Un día, al despertarse en la mañana, Gumersindo de Otranto vio, junto a él, el cuerpo desnudo de una mujer. Cuando ella se dio la vuelta, al mirar su rostro, se dio cuenta que era la cara soñada.
Gumer de Otranto había conseguido, a través de la magia, sin duda, dar vida a la bella estatua de bronce que le miraba desde el mármol del tocador de su alcoba enfrente mismo de su cama.

Comprendió el muchacho entonces la fuerza del deseo para hacerse realidad y tanto se complació en ello que a veces reía y al tiempo lloraba para mostrar el desconcierto de su felicidad inesperada.
Pasado un tiempo, el hombre feliz preguntó a la que ya era su mujer, Dorotea Sinsu, si ella, como antes él, había tenido sobre la mesilla de noche, sobre el mármol de su cómoda, una estatua de bronce a la que había convertido, soñando, en Gumersindo de Otranto.

Dorotea, confundida por la pregunta le respondió que en su casa, en su habitación, nunca tuvo ninguna estatua, ni de bronce ni siquiera de porcelana, pero que aún habiéndola tenido nunca se la hubiera ocurrido convertir sus sueños en realidades tan imposible.

– A las mujeres –añadió- nos han enseñado el pragmatismo, esperar sin tener otra opción ni alternativa que elegir entre aquellos sueños que tienen a bien acercarse a nosotras.
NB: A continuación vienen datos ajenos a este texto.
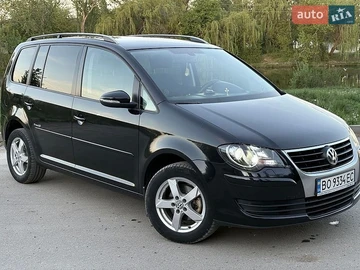 Авто Volkswagen Touran 2010 № 8777038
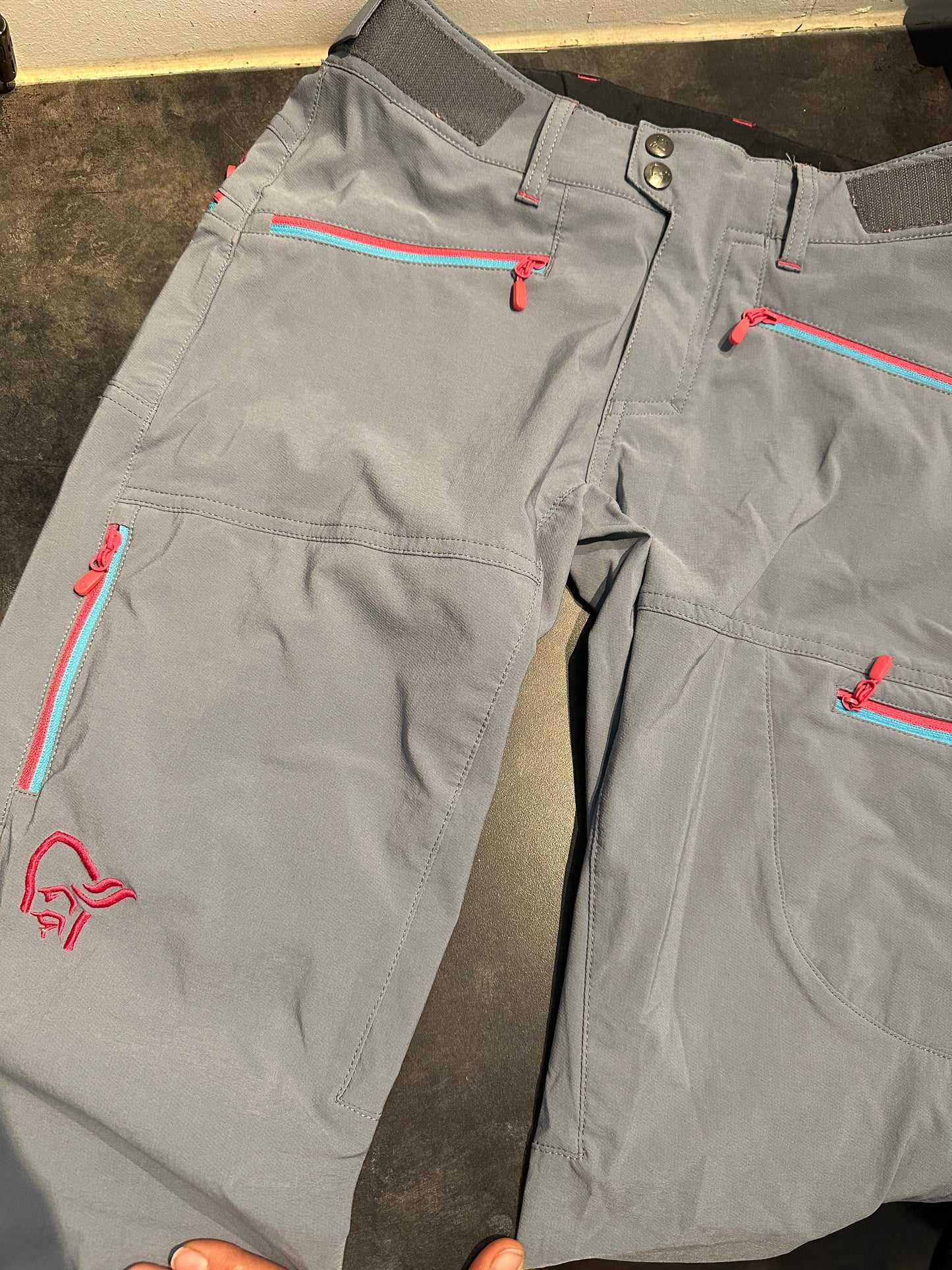 Funktions- Hose von Norrøna (S Damen) Trekking Stretch wasserabweisend grau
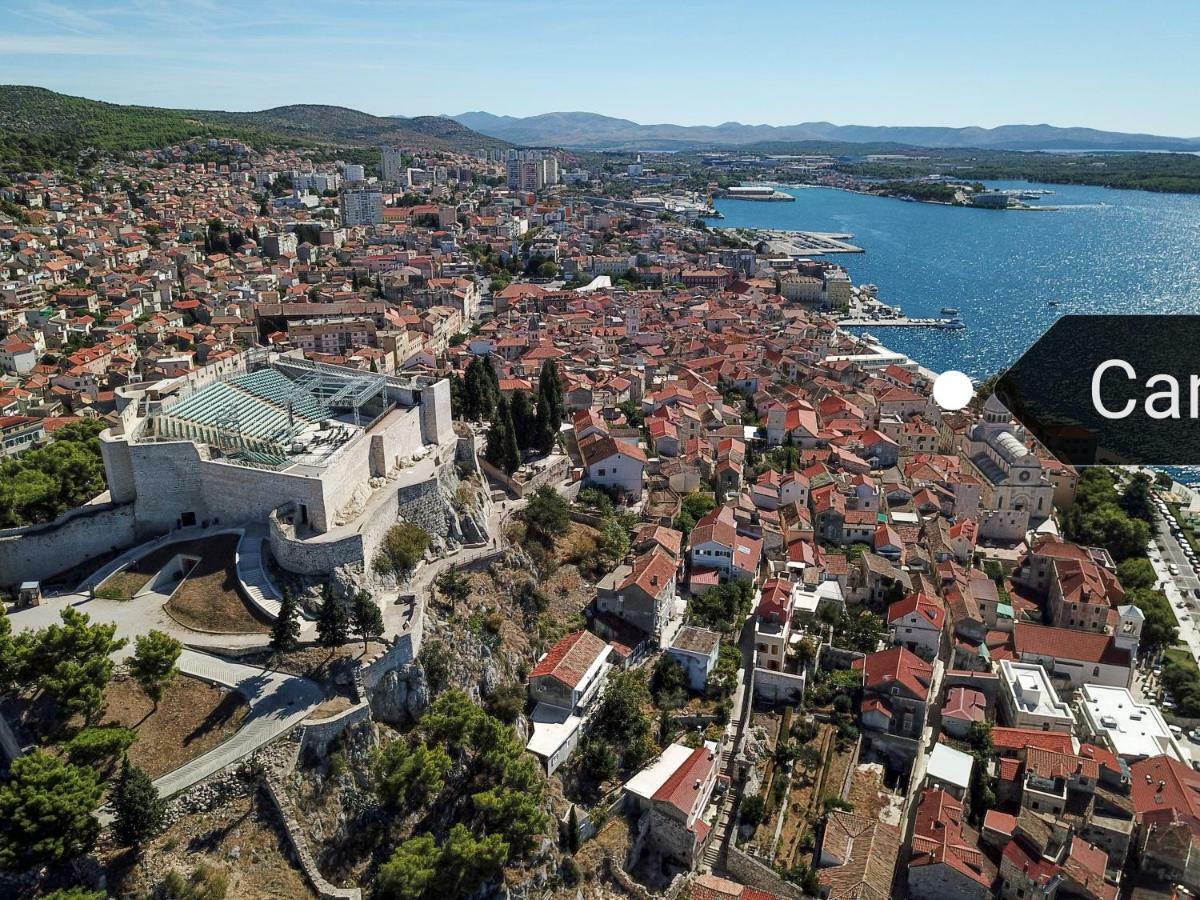2 Cannons/Old Town Sibenik Luaran gambar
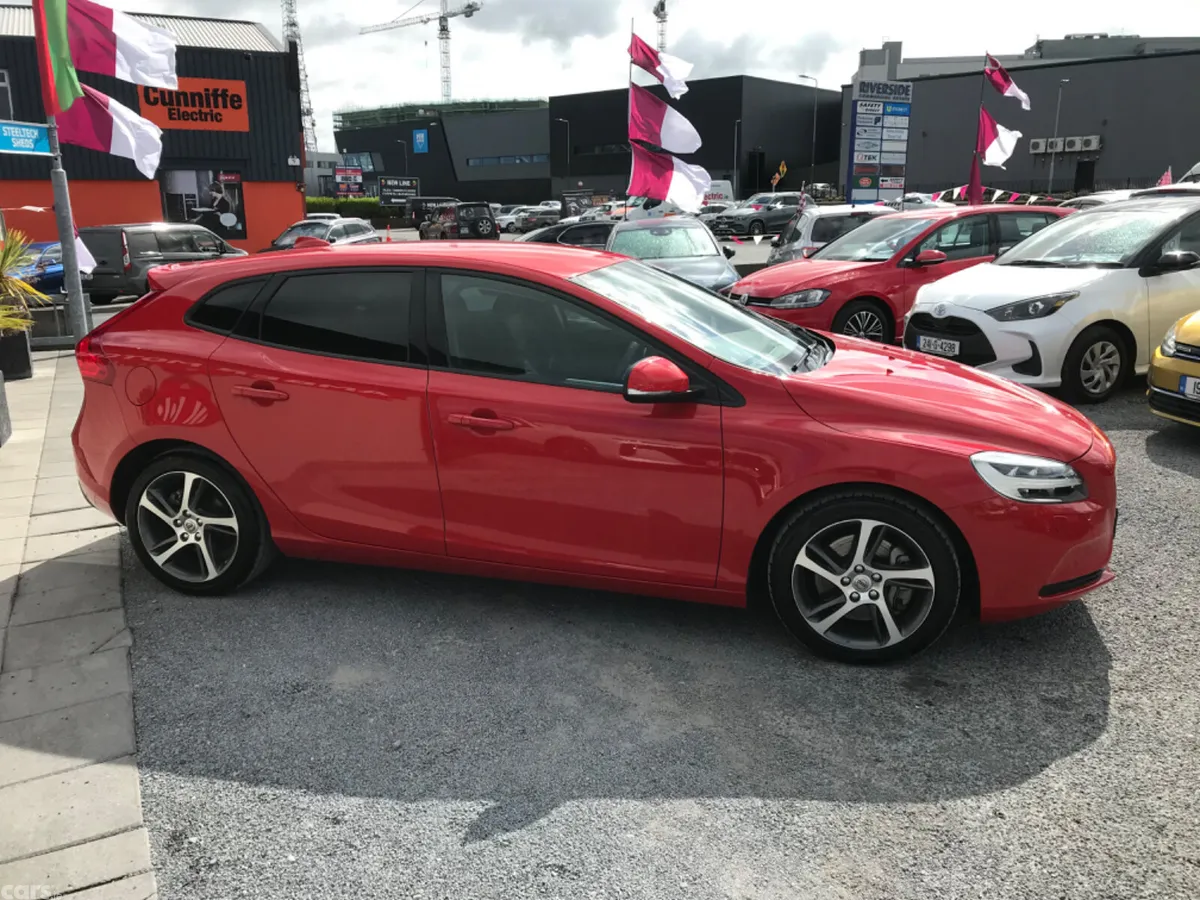 Volvo V40 Hatchback, Diesel, 2018, Red
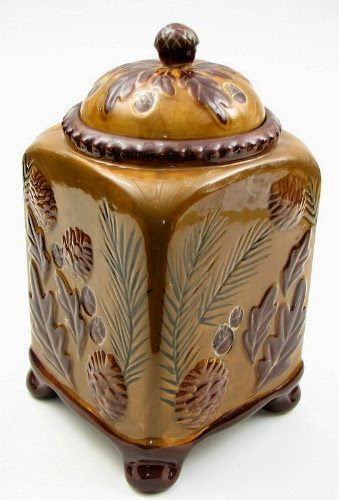  Pinecone Cookie Jar-049-12302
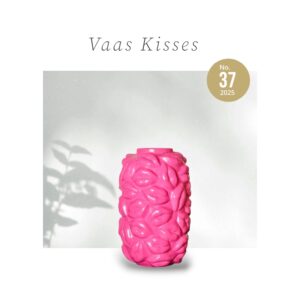 Felroze Vaas met Kusjes - 27 cm | Statement Design met Karakter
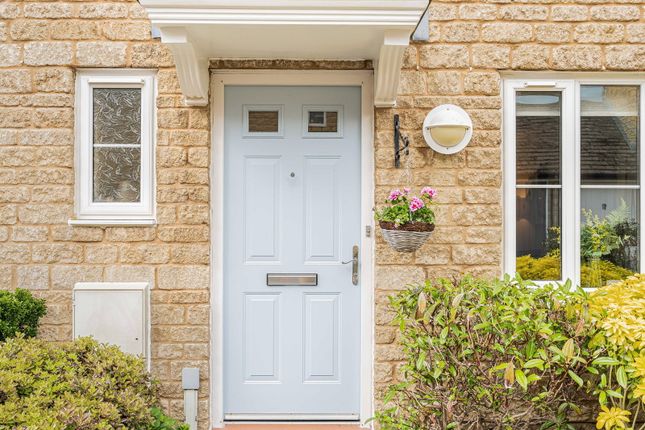 32, Knapps Crescent, Cheltenham photo 2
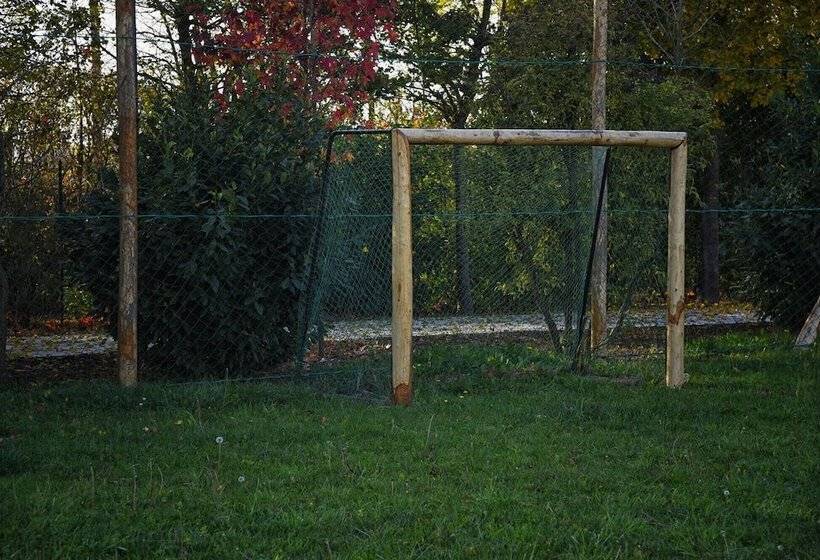 هتل Agriturismo Corte Benetti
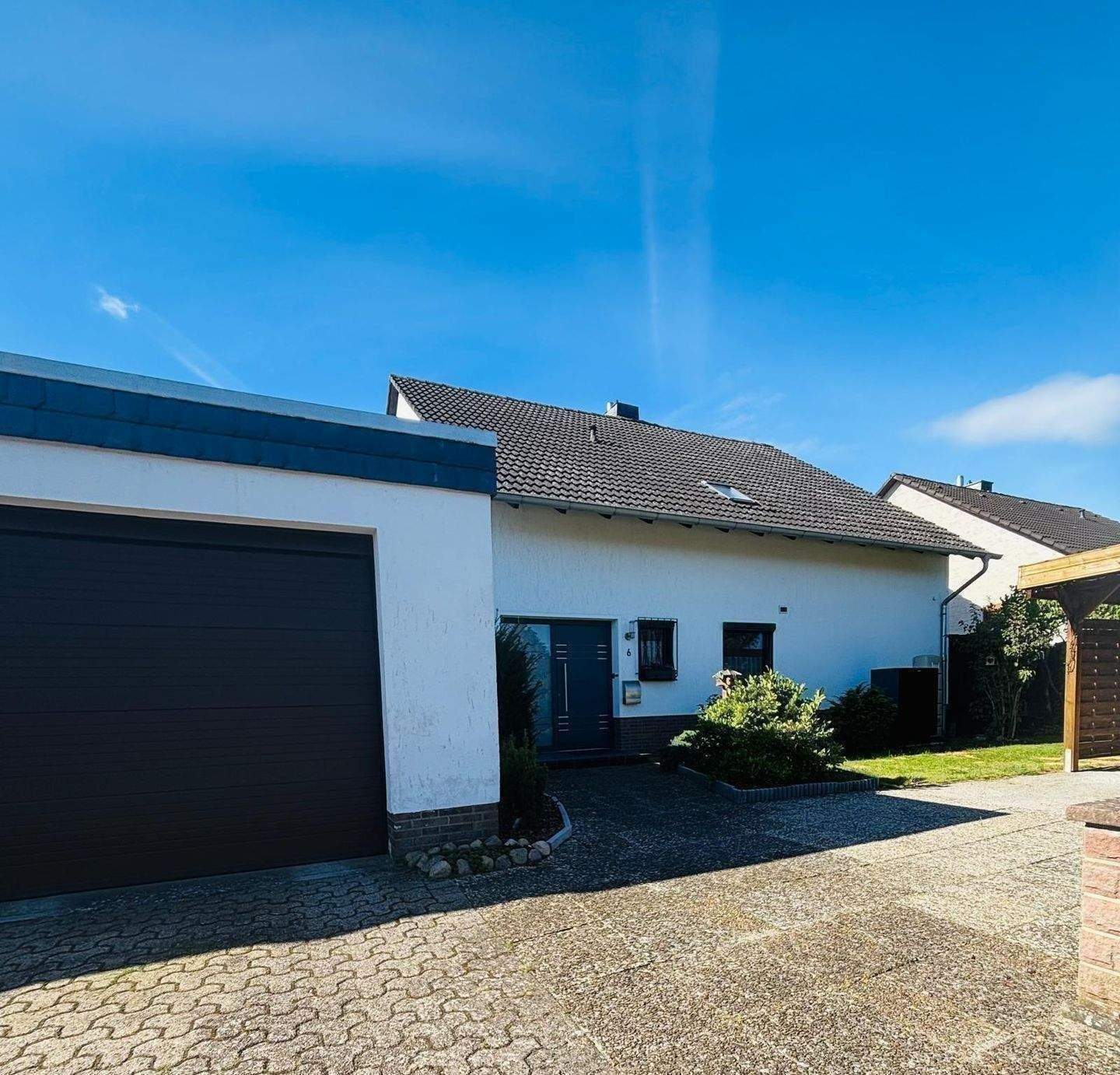 Einzigartiges Raumkonzept, Kaufpreis verhandelbar +++ Großzügiges Splitlevel-Einfamilienhaus mit Wintergarten & PV – Celle – Vorschaubild 2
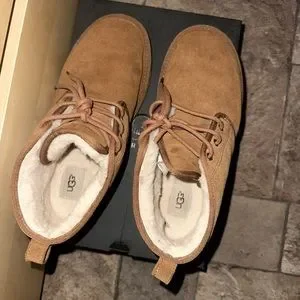 UGG | Shoes | Uggs Size Mens 115 Womens Barely Worn Very  display picture 3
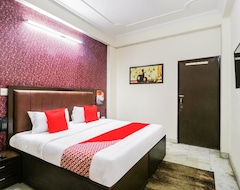 Hotel OYO 48902 The White Villa (Chandigarh, India)
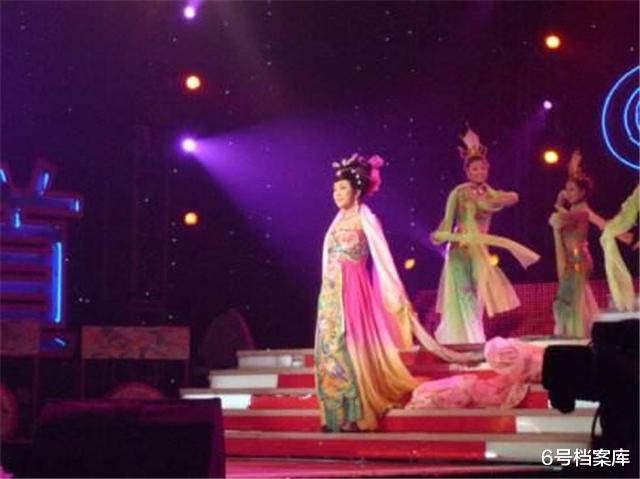 『李玉刚』装了14年的李玉刚“说崩就崩”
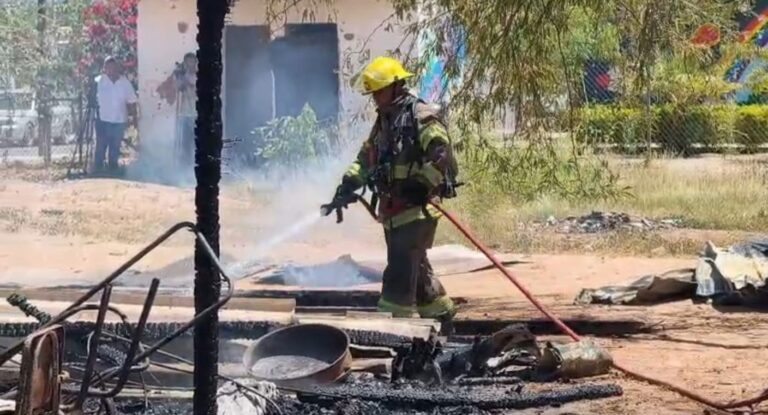 Incendio destruye iglesia San Miguel Arcángel en Hermosillo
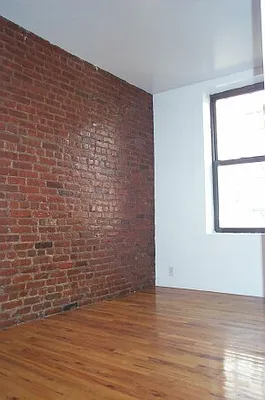 Rented by Tower Brokerage | media 30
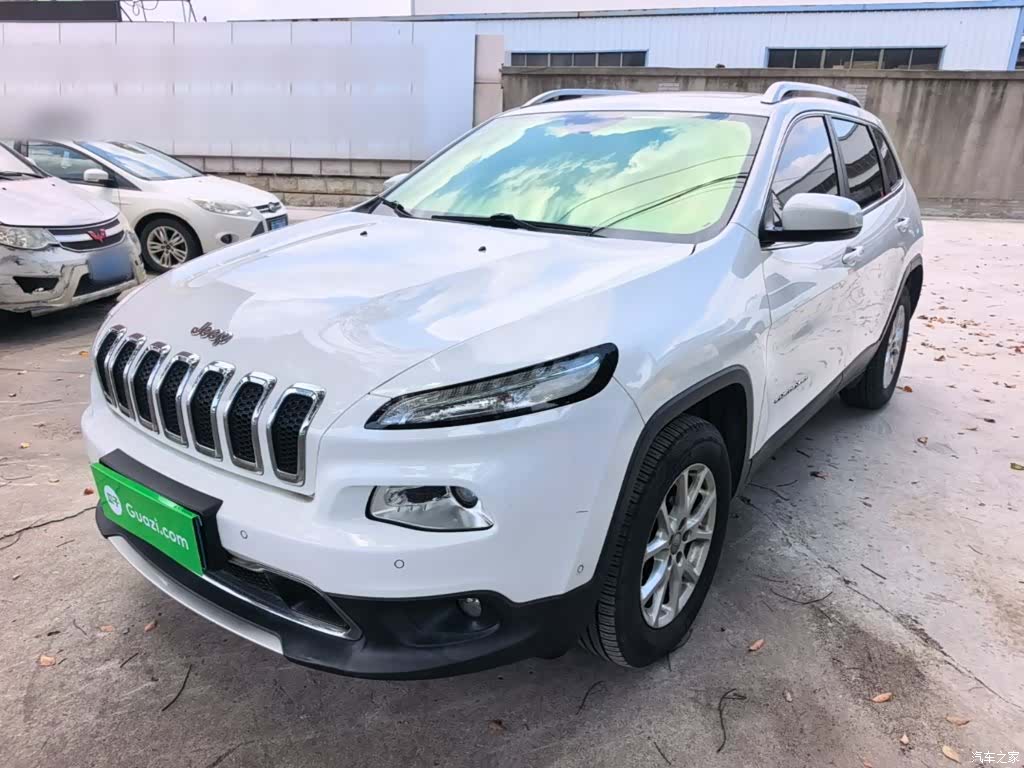 Jeep Cherokee, 2017 1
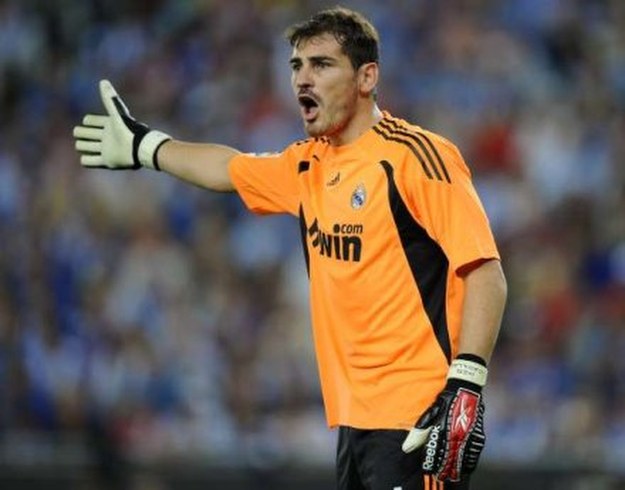 Real przegrał z Sevillą, ale Casillas pokazał światową klasę /AFP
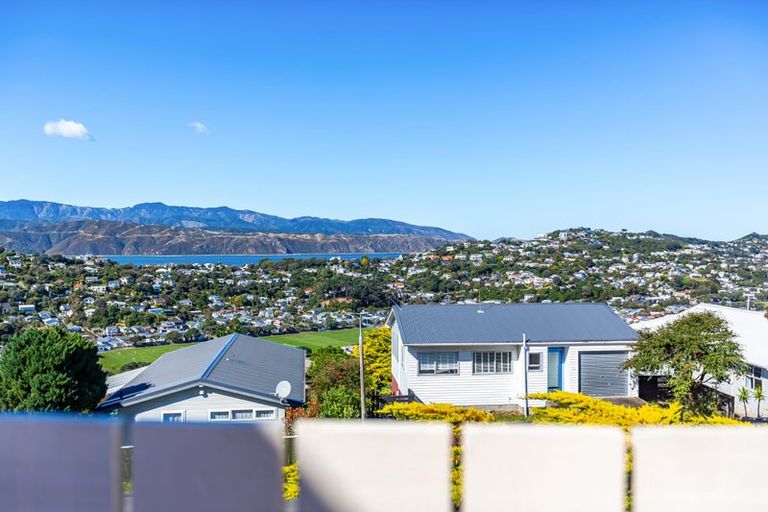Photo of property in 6 Tamahine Street, Maupuia, Wellington, 6022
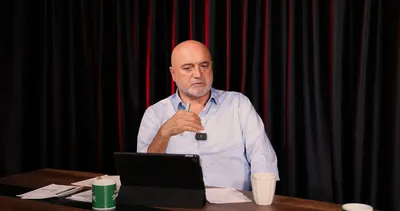 Oosterwolde Avrupa’nın en iyi sol beki! Hikmet Karaman Sabah Spor’a konuştu: Bu sezon takımlar zorlanacak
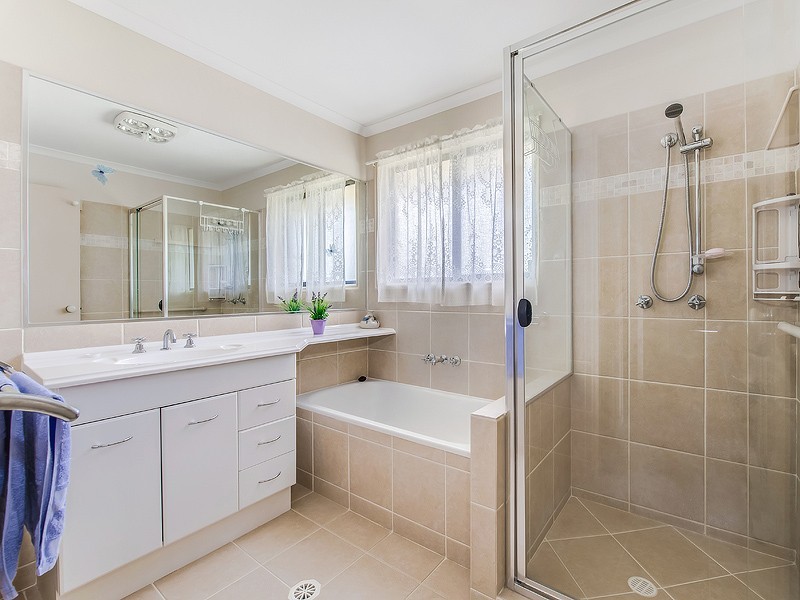 52 Orana Avenue, Pomona QLD 4568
Tú, sin embargo, eres muy libre de adornar con pinceladas de magia lo que fue un encuentro que acabó en nosotros dos. Los sueños, Gumer, cada uno los adorna como quiere.

Aquella noche, cuando Gumer distraído, se desnudaba para acostarse, al mirar la cómoda, vio de nuevo la estatua de bronce sobre el mármol. Un año, un mes y tres días después, había tardado en regresar.

Aquella noche, después de un año, un mes y tres días, Gumersindo de Otranto volvió a soñar.